1. Field of the Invention
The present invention relates generally to bubble jet printing systems that use the volume change of bubbles produced by heat to spray small jets of conductive ink on plain paper. More particularly, this invention is concerned with an ink-jet printer of the excitation type wherein a current is passed through a conductive ink to cause the ink to become vaporized and cause any trapped gases or bubbles to expand, forcing droplets of ink to jet onto the surface of a material to be printed upon.
2. Description of the Prior Art
A conventional ink-jet printer includes, as shown here in FIG. 4, an ink-jet head 1 having an ink tank 3 for holding therein a conductive ink 2, and a nozzle 4 connected to an end of the ink tank 3. The nozzle 4 is open at an ink tank side and closed at the opposite side. The ink tank 3 and the nozzle 4 communicate with each other via an ink passage 5, so that the conductive ink 2 held in the ink tank 3 is allowed to flow through the ink passage 5 into the nozzle 4. The nozzle 4 has in its peripheral wall a discharge hole 6 from which the conductive ink is ejected in the form of droplets. A pair of electrodes 7 and 8 is disposed on an inside wall of the nozzle 4 at a position diametrically opposite to the discharge hole 6. To the electrodes 7, 8, a voltage is applied by an electrode exciting device or unit 9 which is controlled by an output signal sent from a central processing unit (CPU) 10. Numeral 11 is a power supply for supplying electrical power to the electrode exciting unit 9, and numeral 12 is a current flowing through the conductive ink 2 when the voltage is applied across the electrodes 7 and 8.

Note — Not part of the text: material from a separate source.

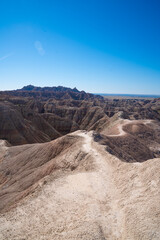 Layered rock formations under clear sky in Badlands National Park, South Dakota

The conventional ink-jet printer of the foregoing construction operates as follows.
When the CPU 10 sends a low level signal to the electrode exciting unit 9, the electrode exciting unit 9 is in an inoperative or "off" state and the ink-jet printer is in the stand-by condition. When the CPU 10 sends a high level signal to the electrode exciting device 8, the electrode exciting unit 9 is operated or turned on whereupon a voltage from the power supply 11 is applied across the electrodes 7 and 8. Upon application of the voltage to these electrodes 7, 8, a current 12 is passed through the conductive ink 2 contained between the electrodes 7, 8, causing the generation of heat which in turn will vaporize that portion of the conductive ink 2 contained between the electrodes 7 and 8. Gases or bubbles produced on vaporization expand suddenly, exerting a sufficient pressure upon the conductive ink 2 to force the conductive ink 2 to eject from the discharge hole 6 of the nozzle 4 to the surface of a material to be printed upon.
Thereafter, the electrode exciting unit 9 is turned off or de-energized whereupon the current 12 flowing between the electrodes 7 and 8 disappears. Consequently, heat of the bubbles produced in the conductive ink 2 is immediately taken up by the surrounding conductive ink 2 and the bubbles disappear soon. Thus, the ink-jet printer is returned to the stand-by condition.
According to the foregoing construction, due to electrolytic corrosion and cavitation caused by repeated generation and disappearance of the bubbles, the electrodes 7 and 8 wear down gradually with the result that the distance between the electrodes 7 and 8 increases progressively. As the inter-electrode distance increases, the current 12 flowing through the conductive ink 2 contained between the electrodes 7 and 8 decreases. With this reduction of the current 12, only an insufficient heat energy can be produced in order to vaporize the conductive ink 2. Under such condition, a stable spouting of the conductive ink 2 is no longer possible. If printing operation continues with such unstable spouting of ink. the printing quality is significantly deteriorated.